A topology has the best change latency when it eliminates intermediate catalog service domains by linking every catalog service domain to every other catalog service domain. However, a catalog service domain must perform replication work in proportion to its number of links. For large topologies, the sheer number of links to be defined can cause an administrative burden.
Fault tolerance is determined by how many paths exist between two catalog service domains for change replication.
If you have only one link between a given pair of catalog service domains, a link failure disallows propagation of changes. Similarly, changes are not propagated between catalog service domains if any of the intermediate domains experiences link failure. Your topology could have a single link from one catalog service domain to another such that the link passes through intermediate domains. If so, then changes are not propagated if any of the intermediate catalog service domains is down.

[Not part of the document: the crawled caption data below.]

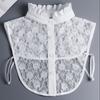 Women Fake Collar Blouse Sweater White Lapel Decor Detachable Collars For Women Black Lace False Collars Woman Lace Half Shirt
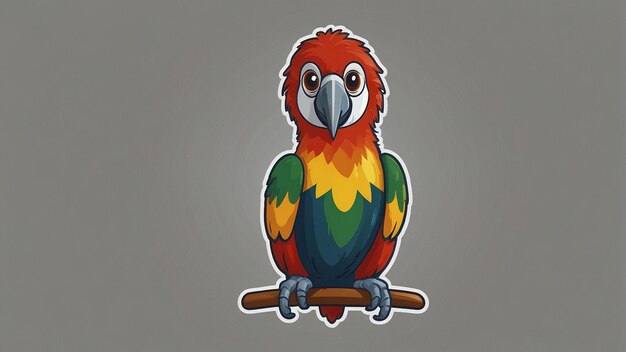 a drawing of a colorful parrot on a branch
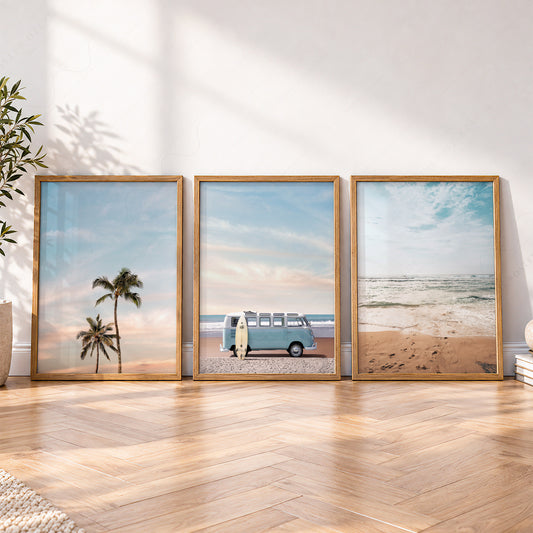 Beach Triptych Set of 3 Prints – Coastal VW Van Palm Tree Ocean Wall Art – 08 — artwork preview 4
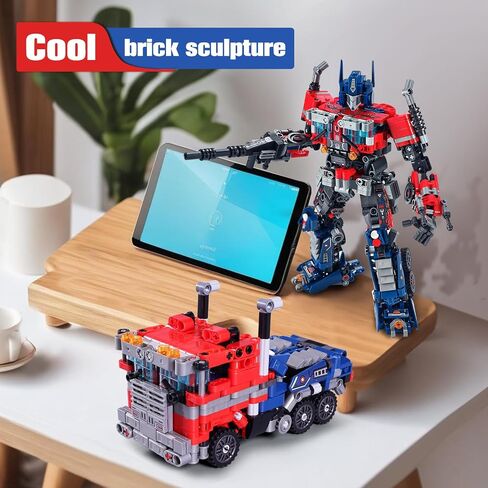 تحويل مجموعات روبوت لبنة ألعاب ， 2 في 1 تحويل مجموعة بناء شاحنة ميكانيكية ， متوافقة مع LEGO هدية عيد ميلاد عيد الميلاد للبالغين الأولاد من 8-12 (الأزرق) in Kuwait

Consider the line topology with four catalog service domains A, B, C, and D:
For example, if a given catalog service in your ring topology is down, then the two adjacent domains can still pull changes directly from each other.

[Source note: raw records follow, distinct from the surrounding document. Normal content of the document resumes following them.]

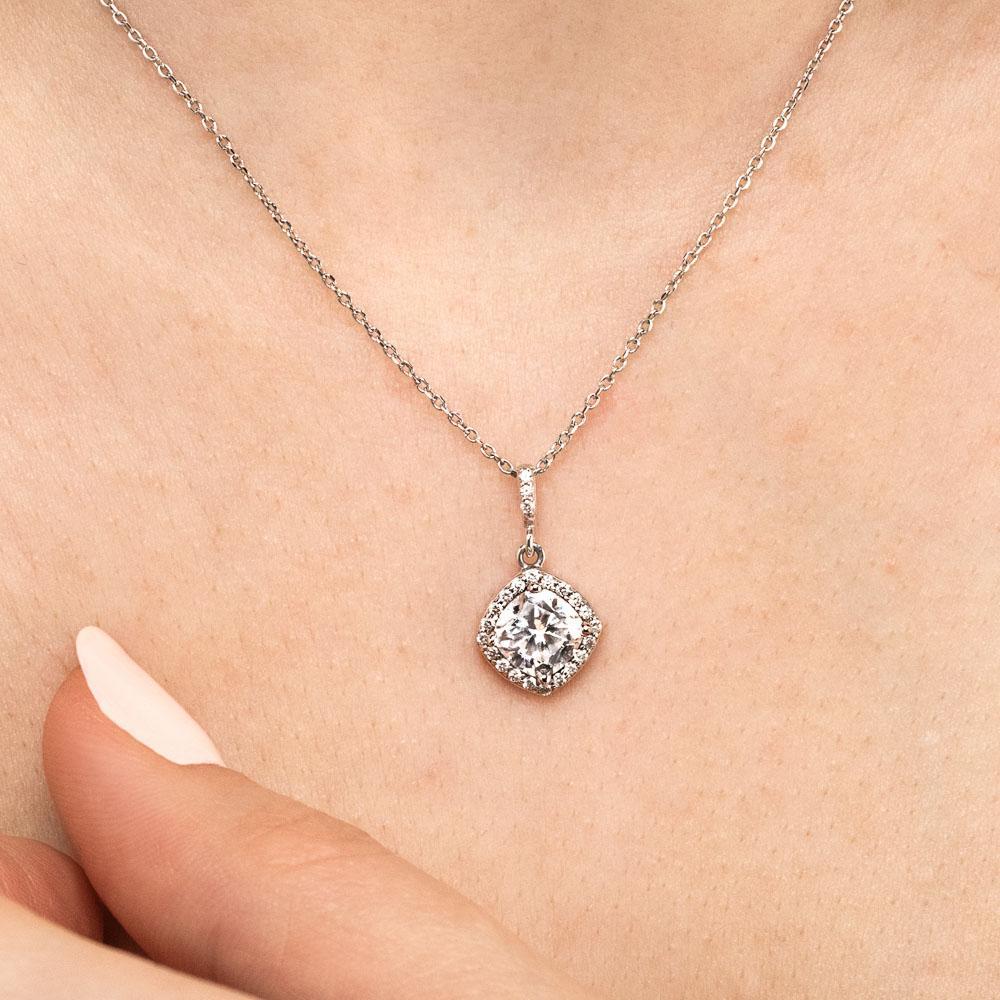 Antique Halo Necklace in recycled 14K white gold with recycled accent diamonds 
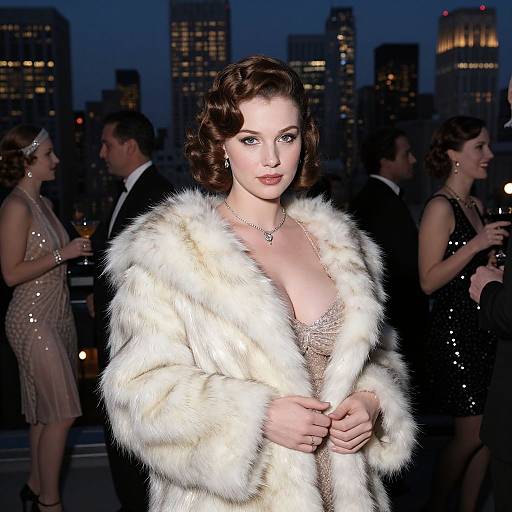 Photograph of a glamorous woman in a white fur coat, sparkling dress, and necklace, standing in an evening cityscape with other elegantly dressed people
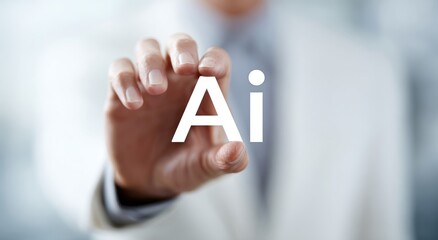 Human hand with AI text overlay, concept of artificial intelligence and technology.
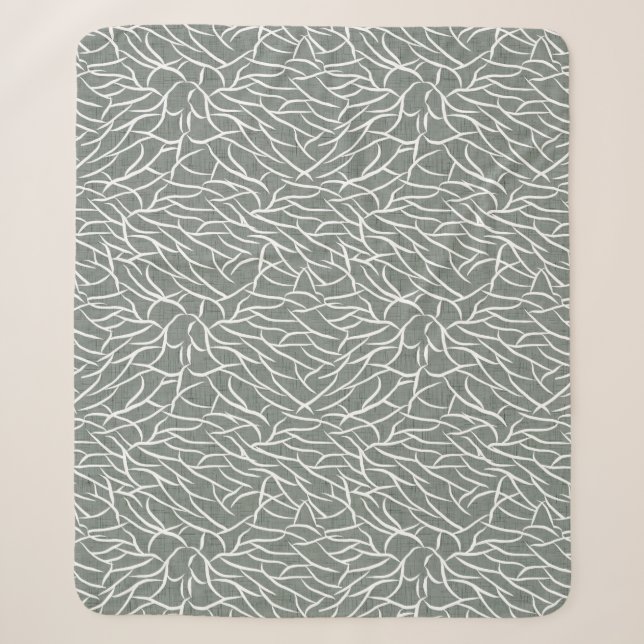 Couverture Sherpa Mousse de sauge verte boho branches de corail nues (Devant)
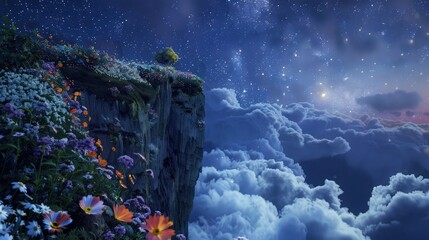 Wall Mural - a magical cliffside view under the stars, with wildflowers glowing under the moonlight and soft clou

All changes are propagated through the hub. Thus, as opposed to the line and ring topologies, the hub-and-spoke design is susceptible to break drown if the hub fails.

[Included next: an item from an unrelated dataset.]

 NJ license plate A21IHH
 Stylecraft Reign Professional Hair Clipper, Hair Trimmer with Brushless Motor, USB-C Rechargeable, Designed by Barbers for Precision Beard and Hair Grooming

A single catalog service domain is resilient to a certain amount of service loss. However, larger failures such as wide network outages or loss of links between physical data centers can disrupt any of your catalog service domains.
The number of links defined on a catalog service domain affects performance. More links use more resources and replication performance can drop as a result. The ability to retrieve changes for a domain A through other domains effectively offloads domain A from replicating its transactions everywhere. The change distribution load on a domain is limited by the number of links it uses, not how many domains are in the topology. This load property provides scalability, so the domains in the topology can share the burden of change distribution.
A <=> B <=> C <=> D <=> E
The distribution load on catalog service domains A and E is lowest, because they each have a link only to a single catalog service domain. Domains B, C, and D each have a link to two domains. Thus, the distribution load on domains B, C, and D is double the load on domains A and E. The workload depends on the number of links in each domain, not on the overall number of domains in the topology. Thus, the described distribution of loads would remain constant, even if the line contained 1000 domains.
Take the following limitations into account when using multi-master replication topologies:
Recall that TCP sockets use a sliding window mechanism to control the flow of bulk data. This mechanism typically limits the socket to 64 KB for a round-trip interval. If the round-trip interval is 100 ms, then the bandwidth is limited to 640 KB/second without additional tuning. Fully using the bandwidth available on a link might require tuning that is specific to an operating system. Most operating systems include tuning parameters, including RFC 1323 options, to enhance throughput over high-latency links.
Multi-master replication adds a fixed amount of processing per Map entry to handle versioning. Each container also tracks a fixed amount of data for each catalog service domain in the topology. A topology with two catalog service domains uses approximately the same memory as a topology with 50 catalog service domains. WebSphere eXtreme Scale does not use replay logs or similar queues in its implementation. Thus, there is no recovery structure ready in the case that a replication link is unavailable for a substantial period and later restarts.